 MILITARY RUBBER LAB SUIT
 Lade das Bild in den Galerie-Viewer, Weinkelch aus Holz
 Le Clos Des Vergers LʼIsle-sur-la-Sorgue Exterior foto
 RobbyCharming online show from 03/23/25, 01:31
++++++++++++++++++++
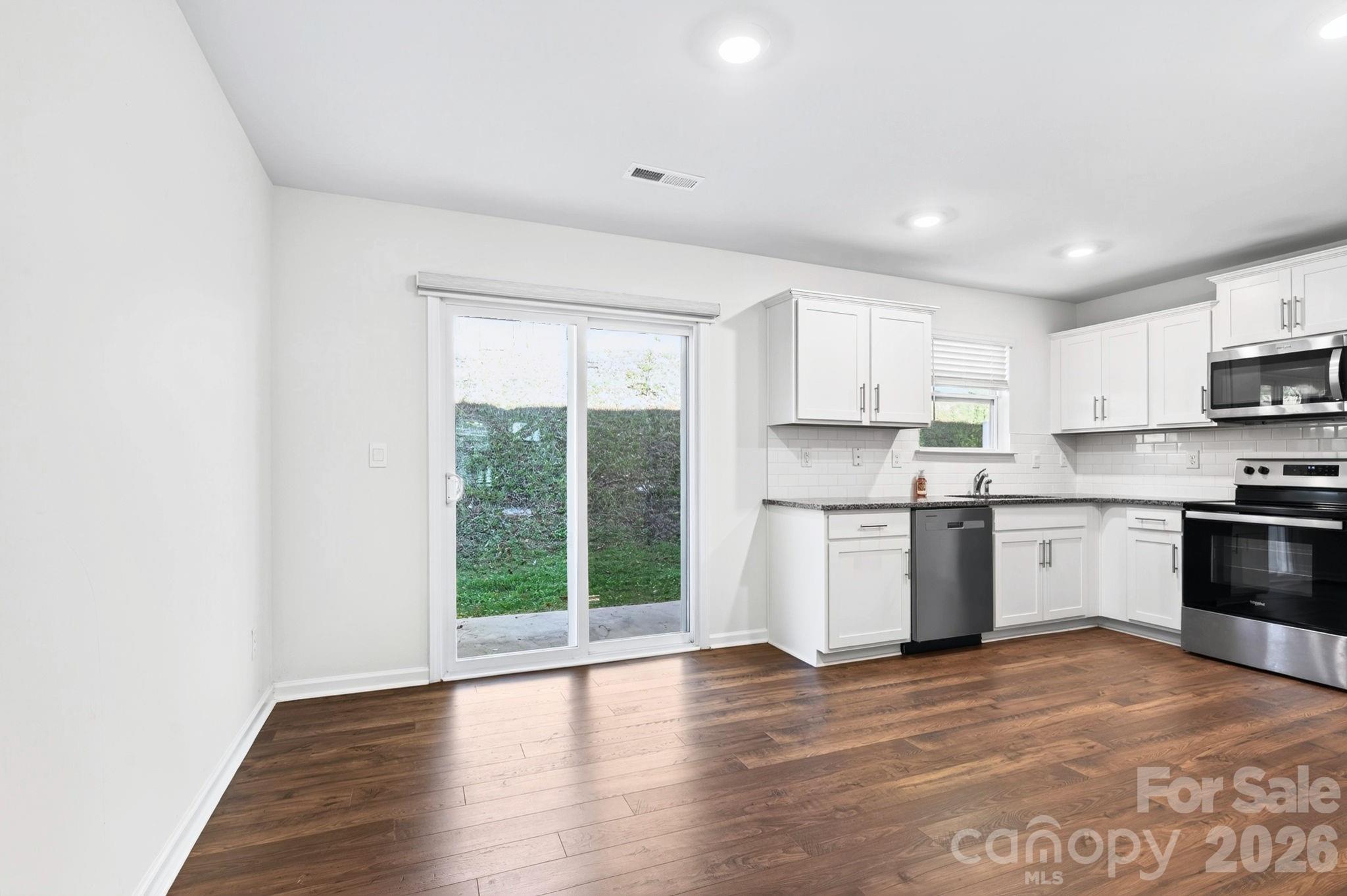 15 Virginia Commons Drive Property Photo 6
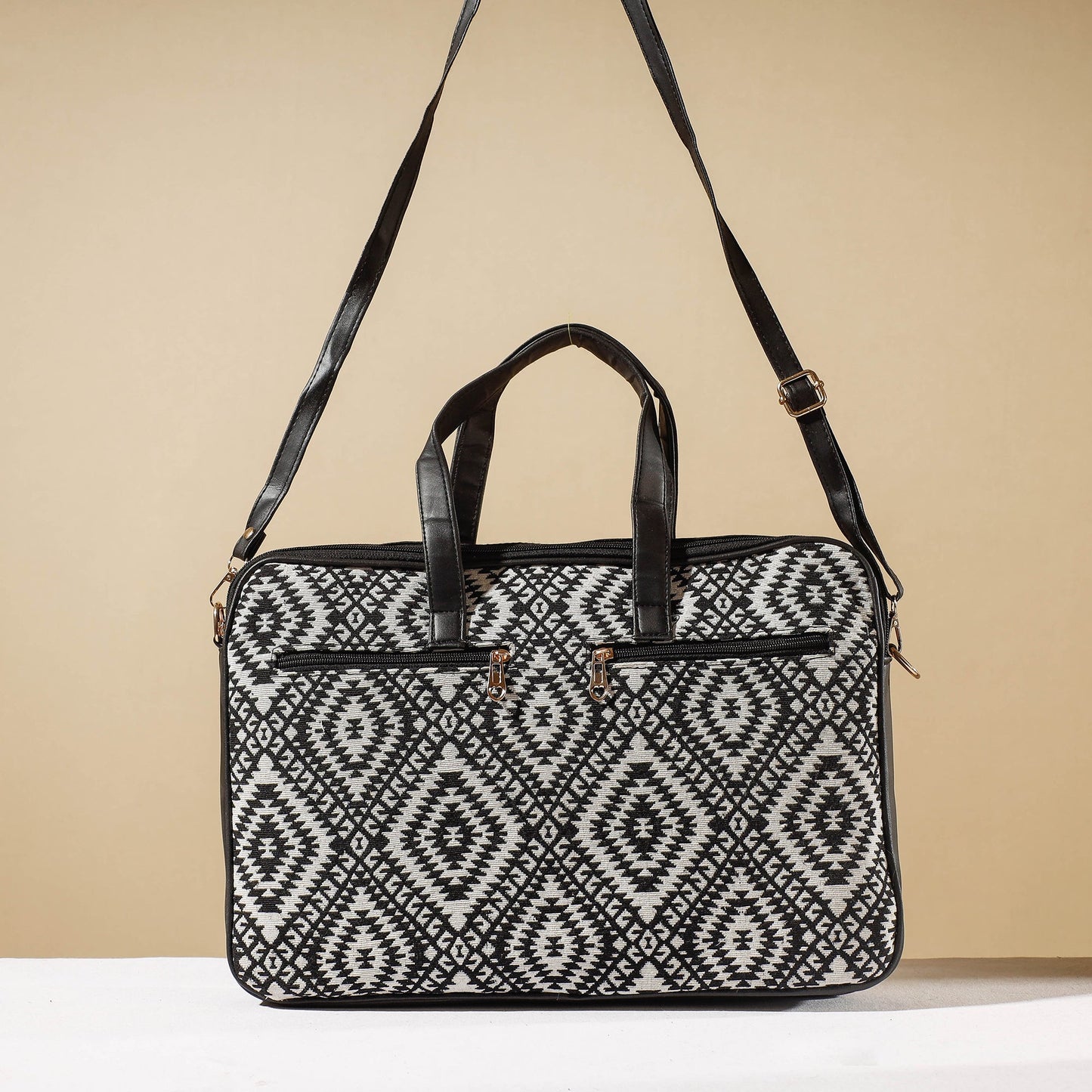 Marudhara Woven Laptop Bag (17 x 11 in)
++++++++++++++++++++
Return a word-for-word copy of the lines above from the one holding "Lade das Bild" through the one holding "RobbyCharming online show", with both of them included and nothing besides.

- _Answer box_
 Lade das Bild in den Galerie-Viewer, Weinkelch aus Holz
 Le Clos Des Vergers LʼIsle-sur-la-Sorgue Exterior foto
 RobbyCharming online show from 03/23/25, 01:31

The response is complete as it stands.